LCD Soundsystem are building up an immense sense of anticipation. Media silence is the most effective way to do this, and it is definitely working. Both fans and the media alike eagerly waiting for a hint of what is to come. A hint of how they are preparing. Just a hint. But we are all left with silence.
But I have managed to break the silence and gather more than just a hint. Despite working twelve-hour days, guitarist Al Doyle has taken time out and offered some hidden backstage secrets: “We’ve been way, way deep into some quite extreme technical aspects of the show preparations, and I have more on my plate than I’ve had for some time. I’m excited, stressed, and nervous all in equal measure, but very keen to get out there and start playing with what has always been a terrific set of musicians. These guys at full tilt can really tear your face off. In fact, I’d forgotten how loud we can get.”

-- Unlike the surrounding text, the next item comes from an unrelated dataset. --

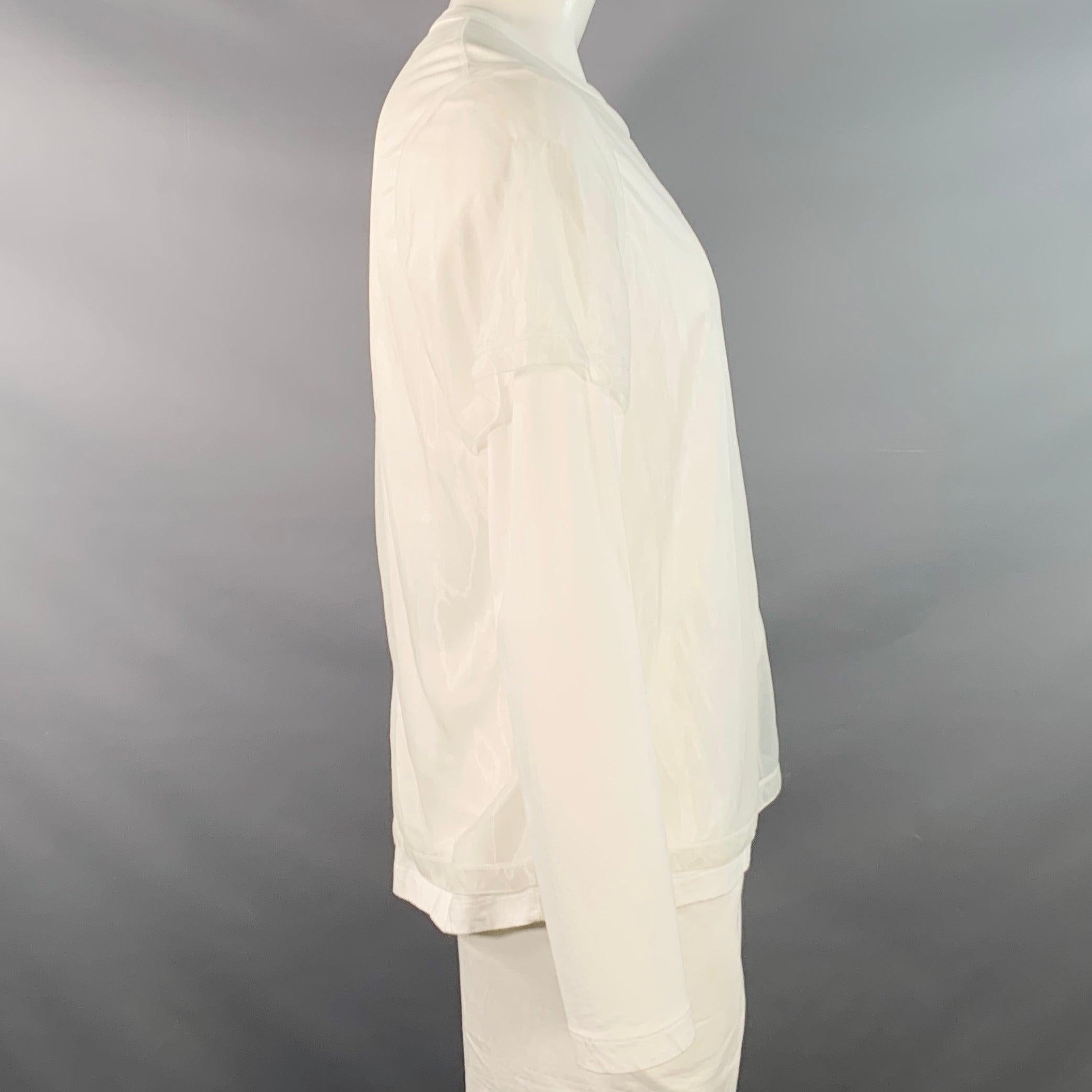 HELMUT LANG pullover
in a white cotton jersey featuring a double layered style with sheer polyamide chiffon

Hot Chip’s Al Doyle frequently speaks of James Murphy’s bid for perfection and how he is still changing and re-changing the tour set design. As midday approaches, the city wakes up and bars and shops begin to open. Williamsburg – similar to the LCD set – is a stage, or perhaps a movie set, coming alive. Once off the subway at Bedford Avenue Station, you’re right in the heart of it.
Doyle was performing at Gorilla in Manchester during the early UK stages of their world tour when I was invited backstage. In a warm meeting, we spoke about my upcoming visit to New York and Al told me all I needed to know about Murphy’s neighbourhood of Williamsburg. One place he recommended was Brooklyn’s Marlow & Sons; he said he’d eaten there more times than any other restaurant in his own London neighbourhood.
So I arrive, gaze down Berry Street and see several training shoes hanging on telephone wires. Dangling boots and training shoes. It reminds me of ‘Huarache Lights’, a recent Hot Chip single – it was the opening song when I saw the band. This was the idea of frontman, Alexis – his favourite training shoes are Huarache Lights by Nike. I then ramble down towards Williamsburg Bridge to eat at Marlow & Sons. The friendly staff there are all fans of Hot Chip. There’s such a laidback lifestyle in this suburb and the staff have high anticipation about seeing Hot Chip live again. Little did they know that a year later LCD Soundsystem would be making their comeback, planning it on their own doorstep.
Murphy no doubt changes his mind a number of times during the long hours of preparation. As a perfectionist, he’s bound to do so. Near the city that never sleeps, the party-goers of Williamsburg work hard into the early hours, then sleep until midday. And another day starts and another set design changes. Williamsburg, Brooklyn, is where to experience the real hard work and culture of local artists. Follow in the footsteps of the likes of James Murphy. Visit his very own wine bar, The Four Horseman, stroll down Bedford Avenue . . . and look for perfection.